Last week we came to the conclusion that citation, despite being deficient, represents a widely-diffused system to assess the value of a scientific work. We also stated that the maximization of citations usually becomes the main goal of scientists (mainly because their careers depend on it). Therefore, we need reliable methods for calculating the pragmatic value of scientific information.
The essential goal of using citation-based measures in order to evaluate the quality of a scientist’s work is to show how often and where this scientist was cited. Probably the most used measures are the impact factor and the h-index. The impact factor of a journal in an “x” year is the number of citations received in the current year per articles published in the two preceding years divided by the number of articles published in the same two years. In other words, a journal has a 2013 impact factor of, let’s say, 5.426 if on average each of its 2011 and 2012 articles were cited 5.426 times in 2013.
Usually high-impact journals attract high-quality contributions from top scientists and receive bigger attention. Thus, publishing in these journals is one of the top goals for researchers who seek to increase their prestige and influence among their colleagues. And, of course, it also raises their chances of getting research grants and attractive job offers.
Among the strong points of the impact factor we can highlight its accessibility and ready-to-use nature. However, this method has also several drawbacks. First of all it can be easily seen that the 2-year citation “formula” fails to include the long-term value or the real impact of many journals. Another critic point is that many scientists and journals that usually publish review articles tend to have their citation counts exaggerated because these types of articles are generally highly cited. A third comment is that impact factor does not take into account the large percentage of papers in a journal that receive no citations (although they were used). Despite all this it is worth pointing out that the use of impact factor has influenced strongly the publication strategy of many scientists.
In order to get around some of the limitations of the impact-factor method Jorge Hirsch, a US physicist, developed in 2005 the h-index. The method is simple: a researcher with an h-index of, for example, 20, has published 20 articles that have each grabbed at least 20 citations. It is estimated that after 20 years a “successful” scientists will have an h-index of around 20; an “exceptional” scientist an h-index of 40; and a “magnificent” one an h-index 60. In 2011, organic chemist George M. Whitesides, from Harvard University, ranked first in h-index ranking of living chemists with an h-index of 169.

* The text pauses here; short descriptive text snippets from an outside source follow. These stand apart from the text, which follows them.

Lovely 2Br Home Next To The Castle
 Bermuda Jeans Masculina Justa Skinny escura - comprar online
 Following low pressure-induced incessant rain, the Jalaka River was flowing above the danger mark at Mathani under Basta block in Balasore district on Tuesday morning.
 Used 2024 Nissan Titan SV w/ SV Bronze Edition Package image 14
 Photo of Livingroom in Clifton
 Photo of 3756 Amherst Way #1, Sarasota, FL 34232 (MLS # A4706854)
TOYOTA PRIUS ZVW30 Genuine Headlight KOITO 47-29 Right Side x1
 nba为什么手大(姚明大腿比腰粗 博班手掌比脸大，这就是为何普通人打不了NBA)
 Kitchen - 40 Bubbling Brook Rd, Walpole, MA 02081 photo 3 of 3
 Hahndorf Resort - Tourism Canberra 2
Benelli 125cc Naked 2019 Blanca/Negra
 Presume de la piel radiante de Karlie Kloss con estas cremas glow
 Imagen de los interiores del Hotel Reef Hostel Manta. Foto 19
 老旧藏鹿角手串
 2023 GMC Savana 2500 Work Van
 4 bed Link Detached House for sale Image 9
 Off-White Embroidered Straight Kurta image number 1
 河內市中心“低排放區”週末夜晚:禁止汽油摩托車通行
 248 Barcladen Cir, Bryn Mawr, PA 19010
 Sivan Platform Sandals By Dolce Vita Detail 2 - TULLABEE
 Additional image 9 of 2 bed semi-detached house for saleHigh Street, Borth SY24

One of the strongest points of this measure is that it helps to distinguish between a “one-hit wonder” and a constant investigator with numerous high-impact papers and, therefore, a high h-index. However, as well as the impact factor, the h-index must be used with caution. This measure disfavours young scientists with a short career because it is limited by the total number of publications (regardless of their importance). It is also insensitive to different fields or types of journals, where different numbers of citations are used. These drawbacks have led to the development of alternative indexes, but this should be discussed in another post.
In summary: if scientists want their peers to be aware of their work (and ultimately take advantage and cite it) they must spread it on as many journals as possible or post it in personal homepages or institutional repositories. In the research evaluation process one thing is clear: beyond the multitude of methods and tools to evaluate one’s job, high-quality outputs always emerge, and publishing is the first step to scientific success.